We might picture magic as opposed to science where science is natural and magic is supernatural. But here we have one of those deceptively simple binaries that are worth questioning. Besides, in recent years, the axioms of quantum physicists start to sound like mystics, and many begin to use language that marries science and magic. For example, today a Google search yields 597 hits for the unusual phrase “quantum magic,” and 102 for “quantum sorcery.” But long before the latest science, the public mind was seeking a blend of worlds, at this writing, Google-net shows us 48,600 references to “spiritual science.” Of course many of these links have little to do with science and quiet a number bear little or no relation to anything truly spiritual. But the links do reflect how the mass mind responds to psycho-spiritual atmospheric pressure–an integrative pressure seeking manifestation in human culture.
We might think of “supernatural” as the unexplored natural, then a true magician would be a scientist in disguise. Or we might think that there is only the natural and that a true magician is a developing scientist. Or we could discard the word “magic” altogether in favor of a less burdened term. But this is contrary to the powerful wave that is solidifying the idea of magic in the public mind. This wave finds expression in numerous new mythologies, in books, and motion pictures. Much of this material is of a superficial kind, yet everything has a higher or deeper correspondence, and a writer or artist will sometimes bring through something of magical significance. There is this beautiful passage by Thomas Wolfe, from his book “Time and the River:”
“At that instant he saw, in one blaze of light, an image of unutterable conviction, the reason why the artist works and lives and has his being–the reward he seeks–the only reward he really cares about, without which there is nothing. It is to snare the spirits of mankind in nets of magic, to make his life prevail through his creation, to wreak the vision of his life, the rude and painful substance of his own experience, into the congruence of blazing and enchanted images that are themselves the core of life, the essential pattern whence all other things proceed, the kernel of eternity.”
In this, we find a subtler sense of the meaning of “charms” and “spells” associated with magical lore. The passage is about invocation, and it does address the supernatural, but it’s not so much phenomenological as psychological and spiritual, or if it is phenomenal, it places us in the realm of right motivation. There is in it the definition of magic as manifest spirit, the union of heaven and earth.
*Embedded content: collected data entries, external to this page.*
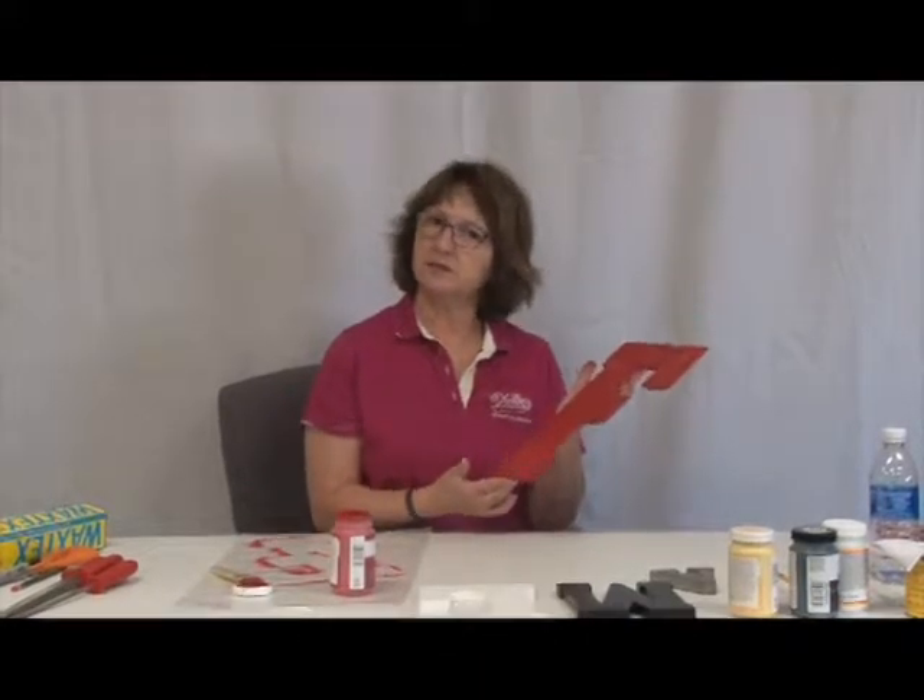Now this one is done. This is the color it's going to turn out to be. I'm going to set it aside, let it dry, and we're going to start out with our next one.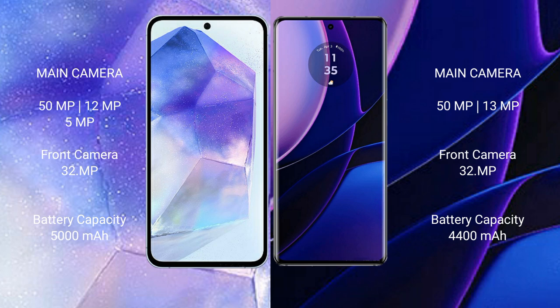Samsung Galaxy A55 has a 5000mAh battery with 25W fast charging support. Motorola Edge has a 4400mAh battery with 68W fast charging support.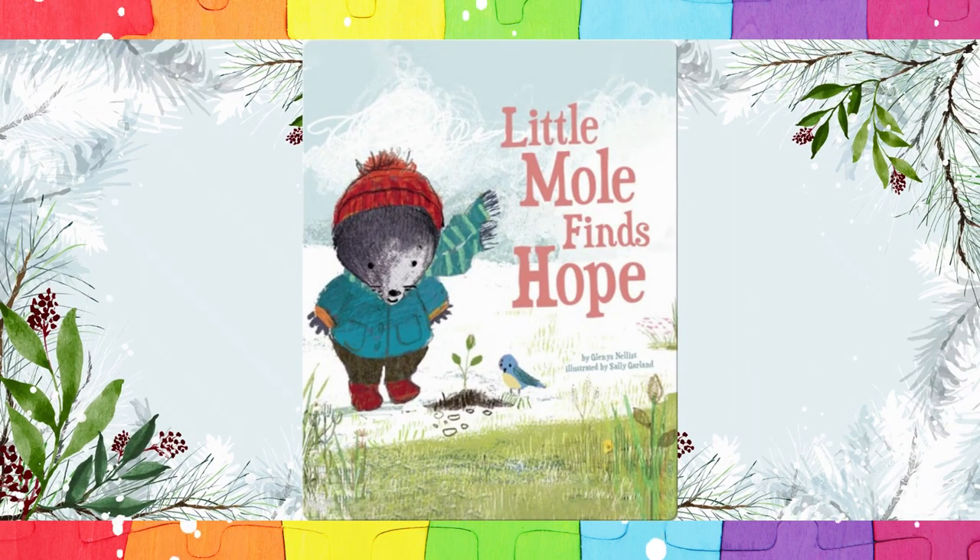Hi! Welcome to Dixie Storytime World. Little Mole Finds Hope, written by Glenis Nellist and illustrated by Sally Garland. If you want to buy a copy of this beautiful book, the link is available in the description at the bottom of this video.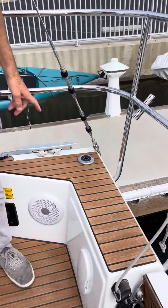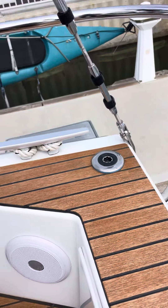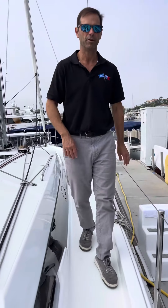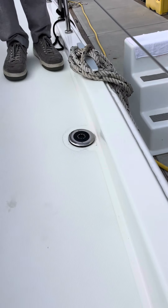On the starboard side you can see this is the water tank right here — kind of bluish. And then as we move forward on the boat on the starboard side, we have black, and that's the holding tank for the aft head.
So then, the magician is thinker and creator, and good thought is like magic out of the air, like a clear day when the atmosphere sings with subtle possibilities. Magic is soul force, a secret wind that electrifies the body and collapses the space between points. It stimulates the spirit of service and makes the eyes supernaturally bright.
Art by David Urbanke
We do not know to what extent we agree or disagree with another until we understand each other’s thoughts, and to do that we must get behind each other’s words. Intellectually, it would seem that we all know this obvious truth, yet emotionally we often demonstrate we do not. So, if a person’s words are foreign to us, we may assume the thoughts behind them are foreign as well though this may not be true. Frequently, we will argue, so to speak, with the words of another and never connect with the ideas, never realize that we failed to understand what was is in the other’s mind and heart.
It’s useful to understand the special language used by another, especially when that language contrasts with our preferred usage. It helps to be able to put on different verbal hats. Indeed, the externalization of thoughts is so intimately bound up with language that often we must be able to put on a different verbal hat in order to think toward something new. Adopting another’s terms and meditatively translating them into our own language can often advance understanding of the new.
Through this discipline, we gradually approach the realization that words are not the same as meaning, that essence is not the same as form. It would seem that this is obvious and that we understand this, yet the frequency of arguments based on unexamined definitions shows that our understanding of word/meaning relationships is weak. In the abstract we may know that words are not the same as the things they refer to, and that words mean different things to different people, yet to often in our conversations we betray “the better angels of our nature” and foolishly fail to act from our understanding. Here then is a practical aspect of semantics that can promote essential understanding and avert many arguments. About arguments, fools may rush in, but angels can tread most anywhere without ill effect. And where we prove more the fool than angel, well there’s the lesson also.